WORK ORDER → Beginning at the line containing "Melastoma malabathricum flower", repeat each line below exactly up to and including the line containing "Lithobates yavapaiensis". Do not repeat the pictures.

EXCERPTED DATA →
^^^^

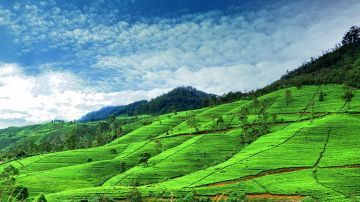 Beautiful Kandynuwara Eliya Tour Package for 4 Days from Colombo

^^^^

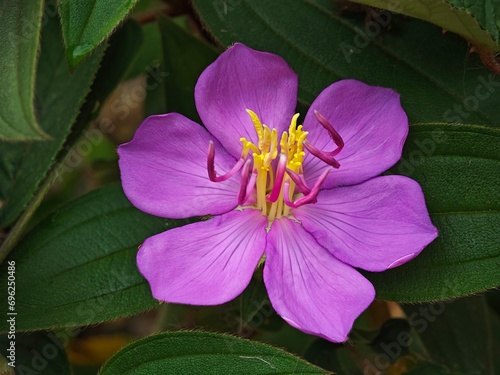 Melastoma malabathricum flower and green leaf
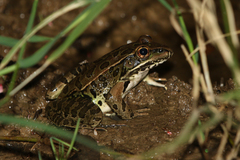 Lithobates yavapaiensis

^^^^

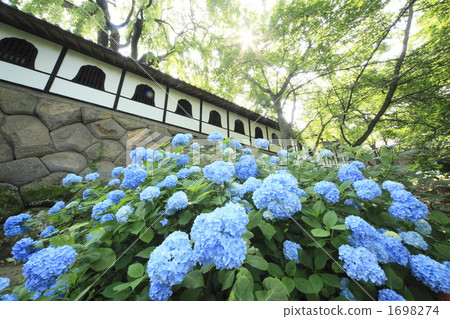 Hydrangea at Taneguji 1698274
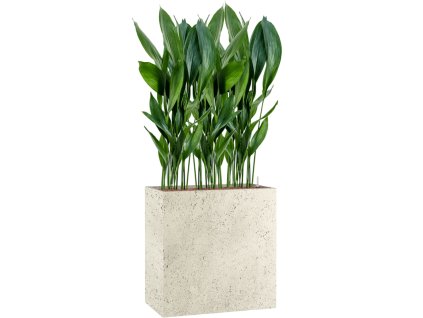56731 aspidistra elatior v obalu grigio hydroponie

^^^^

EXERCISE SOLUTION →
 Melastoma malabathricum flower and green leaf
 Lithobates yavapaiensis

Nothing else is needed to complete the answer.